The underlying problem of the present invention is to devise a contact element of the type referred to initially supra, which element has a relatively simple structure, can be inexpensively manufactured, and is of compact size, preferably for use with plug connectors, yet has high current carrying capacity and low required plug insertion forces.
The present inventive contact spring socket solves the foregoing problems and can be manufactured from wire-like metal strips to form the bearing piece and support piece, and wire-like material can also be employed to form the spacing members which are formed and combined to create flat open rectangular regions referred to hereinafter as flat chambers. It is particularly advantageous if the two said metal strips and the spacing members are together stamped as a single structural unit from a sheet of contact metal.
It is advantageous to employ two metal strips of very thin sheet metal, joined by formed spacing members, such that the two thin metal strips serve as the bearing piece and support piece, respectively. As a result, a relatively simple, convenient, completely automatic means can be used to apply and affix the contact springs while the strips are still in a flat configuration. The contact element having the characteristic inventive structure forms the critical component in manufacturing linear or cylindrical contact sockets and plugs, wherein the contact is established and maintained without significant problems and with minimal contact resistance, while at the same time the required plug insertion force is relatively low. The inventive contact element is particularly suitable for multiple plug connectors.

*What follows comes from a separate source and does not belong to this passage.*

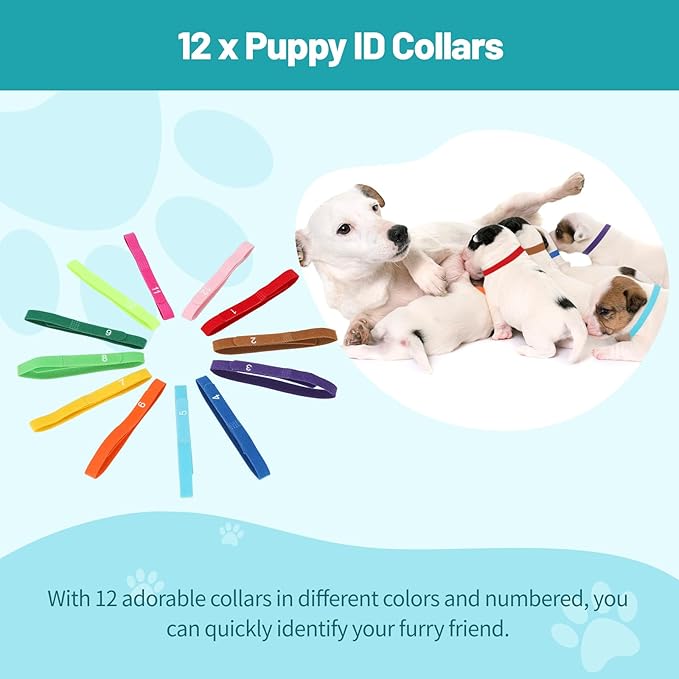 48-Piece Puppy Whelping Kit – Complete Whelping Supplies for Safe Puppy Birth, Includes Feeding Tubes, Collars, Cord Clamps, Urine Pads, Gloves & More – Essential Puppy Birthing Kit for Breeders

It has proven advantageous in applications of contact elements to form a contact spring plug or a contact spring socket if the two metal strips forming the bearing piece and support piece, respectively, are bent into an essentially cylindrical shape around an axis perpendicular to the longitudinal direction of extent of the respective metal strips and at a predetermined distance from them. By simple bending about the axis, the contact element can then be given the desired cylindrical (plug or socket) form. The substantial advantage affored is that a socket body or a plug body can be used in conjunction with a unit comprised of the bearing piece and support piece, to which unit the contact springs are attached, such that the diameter of the body is adjusted to the diameter in the cylindrical contact pin structure or contact socket structure of the spacing members which are bent outward from the level of the support piece and bearing piece, after the unit comprised of the support piece and bearing piece has been bent into a cylindrical shape. A further advantage is that the cylindrical contact pin structure or contact socket structure can be pushed, respectively, into the socket body or onto the plug body, with elastic deformation of the spacing members. In this way, particularly good passage of current from the contact springs to the socket body is ensured.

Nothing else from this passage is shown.